Algo así debió sentir Lola Herrera, a quien tuve el gusto de ver interpretar en su primera gira en el viejo teatro Cinema (por cierto, era mi primera obra de teatro, imaginen que estreno) cuando hizo catarsis interpretando esa obra que luego dio lugar a la película Función de noche, dirigida por Josefina Molina, donde Lola pasaba revista a su vida y emprendía el camino de la propia liberación, que perdonen ustedes, fue parejo al emprendido por muchas de nosotras.
Fueron los años en que empezamos a cuestionarnos nuestro papel en la vida, negarnos a ser mero reflejo del hombre, sombras chinescas de vidas masculinas. Tomamos vuelo y volamos como debió hacer Carmen Sotillos, como quizá hizo, en su viudedad, cosa que nunca sabremos porque para nuestra desgracia, el maestro Delibes, ya no está para contarnos.

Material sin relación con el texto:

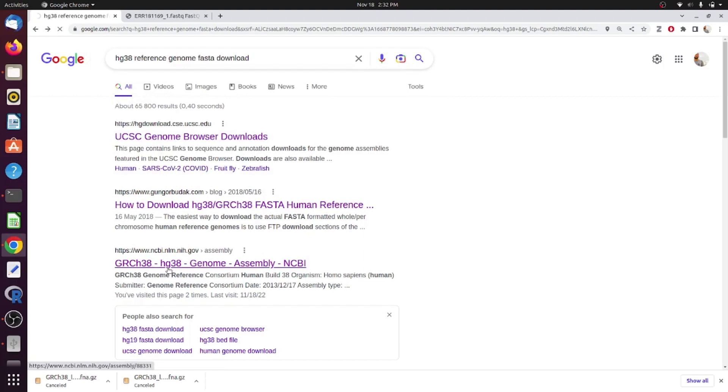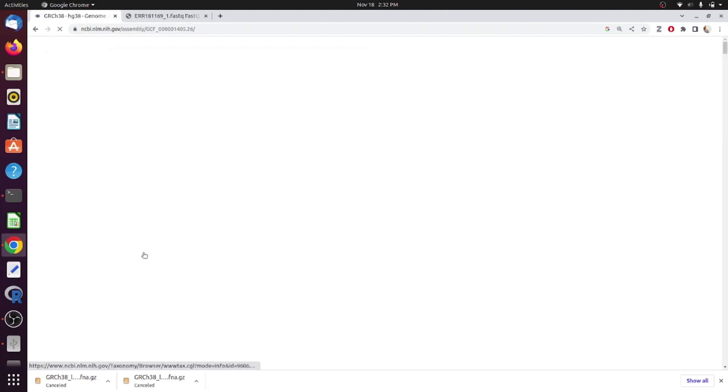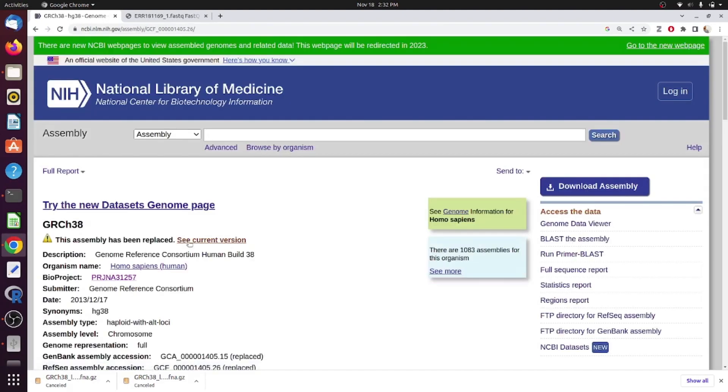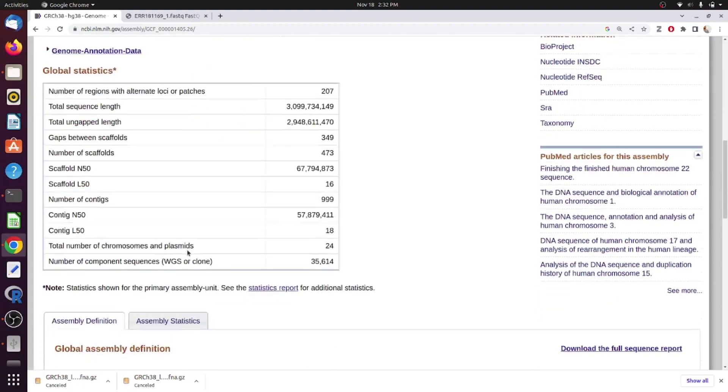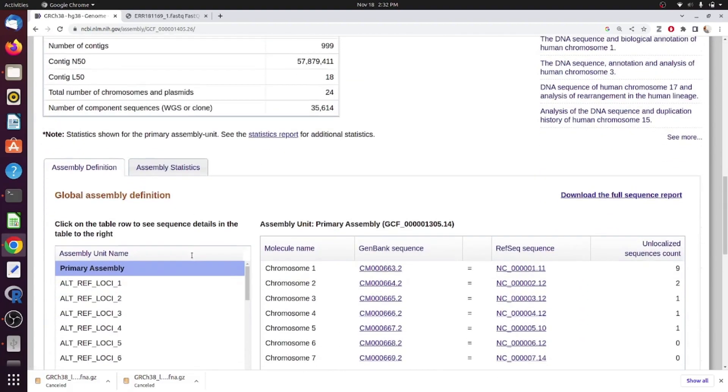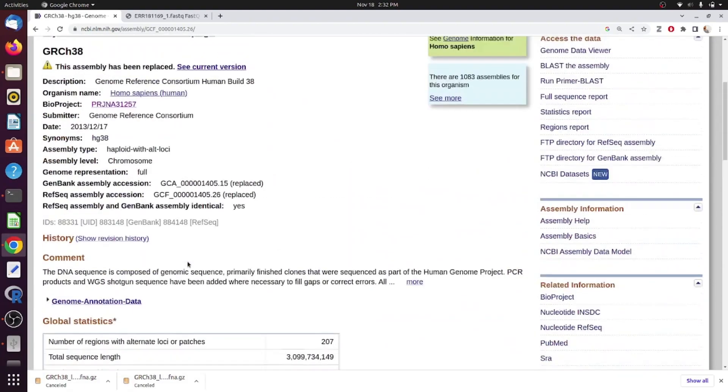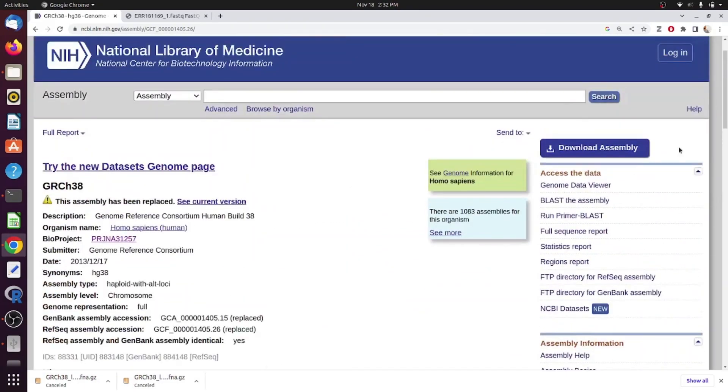From the search here I am going into NCBI website. You can see detailed information about the genome and also chromosome-wise information and sequences.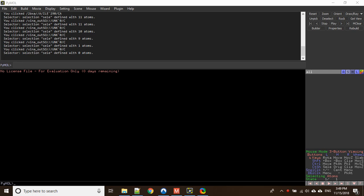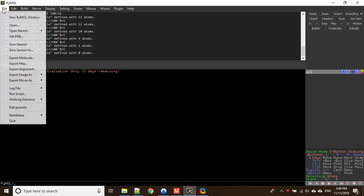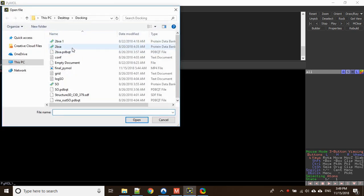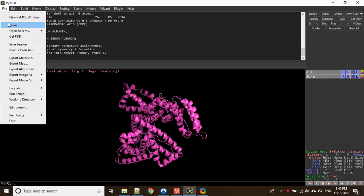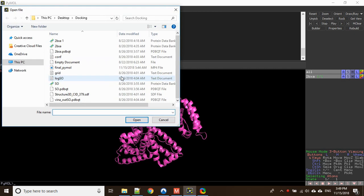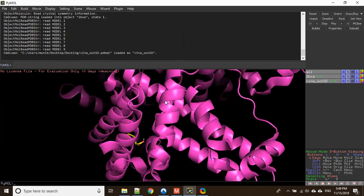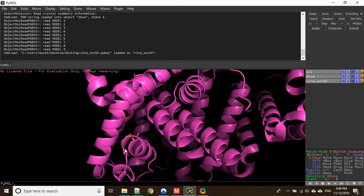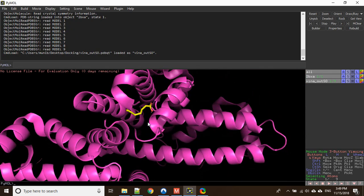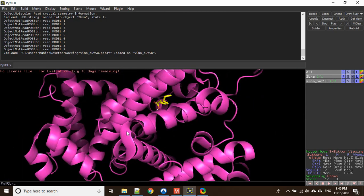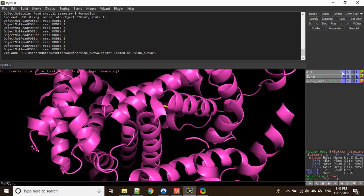So let's get started. Let's open the protein file first — the PDB file, that is 2BXA. Open it, and then open your output file, that is vena_out_so.pdbqt. As you can see clearly, there is one ligand and a protein but it is not showing any interaction or polar bonds.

Sé que hay muchos más personajes femeninos en la obra de Delibes que merecen atención, me he detenido en estos como reflejo del resto. Agradezco a la Biblioteca Central y a Alberto Peña Fernández, adjunto de Actividades Culturales, me den la oportunidad de hablar del maestro y a ustedes por su asistencia. Les invito a que entre todos/as conformemos un coloquio sobre la impresión de cada uno de ustedes sobre la obra de Delibes. Gracias por tanto.